The $5.6 billion of cash generated by our operations in 2015, along with (i) $1.45 billion in proceeds from the issuance of debt and
(ii) net proceeds of $189 million from VLP’s public offering of 4,250,000 common units as discussed in Note 4 of Notes to
Consolidated Financial Statements, were used mainly to:
fund $2.5 billion of investing activities, including $2.4 billion in capital investments. Capital investments are comprised of
capital expenditures, deferred turnaround and catalyst costs, and joint venture investments;
make payments on debt and capital lease obligations of $513 million, of which $400 million related to our 4.5 percent senior
notes, $75 million related to our 8.75 percent debentures, $25 million related to the VLP Revolver, $10 million related to capital
lease obligations, and $3 million related to other non-bank debt;
purchase common stock for treasury of $2.8 billion;
pay common stock dividends of $848 million; and
increase available cash on hand by $425 million.

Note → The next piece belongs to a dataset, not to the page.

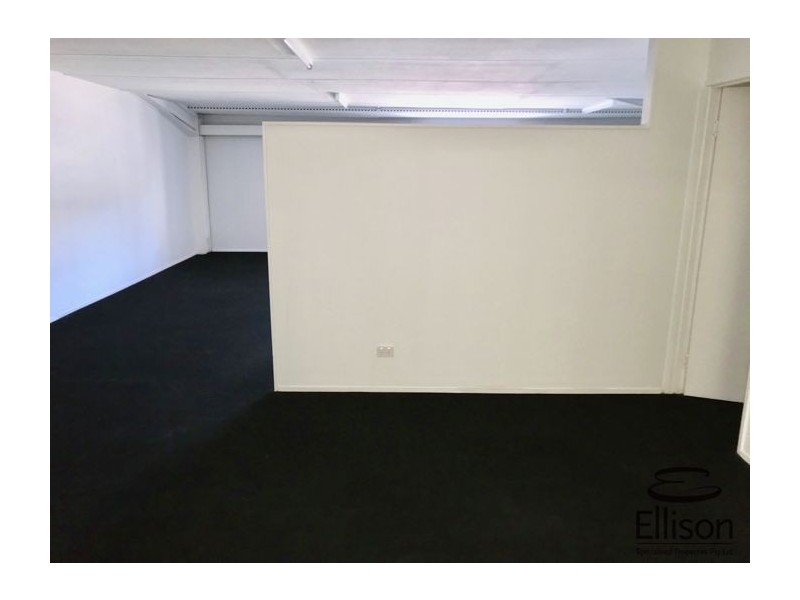 Unit 1A/131-135 Old Pacific Highway, Oxenford QLD 4210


Our operations generated $4.2 billion of cash in 2014, driven primarily by net income of $3.7 billion and excluding $1.7 billion of
noncash charges to income (primarily depreciation and amortization expense). See RESULTS OF OPERATIONS for further
discussion of our operations. However, the change in our working capital during the year had a negative impact to cash generated by
our operations of $1.8 billion. This use of cash was composed primarily of a decrease in accounts receivable of $2.8 billion, which was
offset by a decrease in accounts payable of $3.1 billion, a decrease in income taxes payable of $319 million, and an increase in
inventories of $1.0 billion as shown in Note 18 of Notes to Consolidated Financial Statements. The favorable effect in accounts
receivable and the unfavorable effect in accounts payable were mainly due to a decrease in commodity prices from December 2013 to
December 2014. The unfavorable effect associated with income taxes payable resulted from income tax payments exceeding income
tax liabilities incurred in 2014 due to the payment of liabilities associated with prior period earnings. The unfavorable effect in
inventories was mainly due to the build in inventory volumes from 2013 to 2014 as we purchased crude oil at prices we deemed
favorable during the fourth quarter of 2014.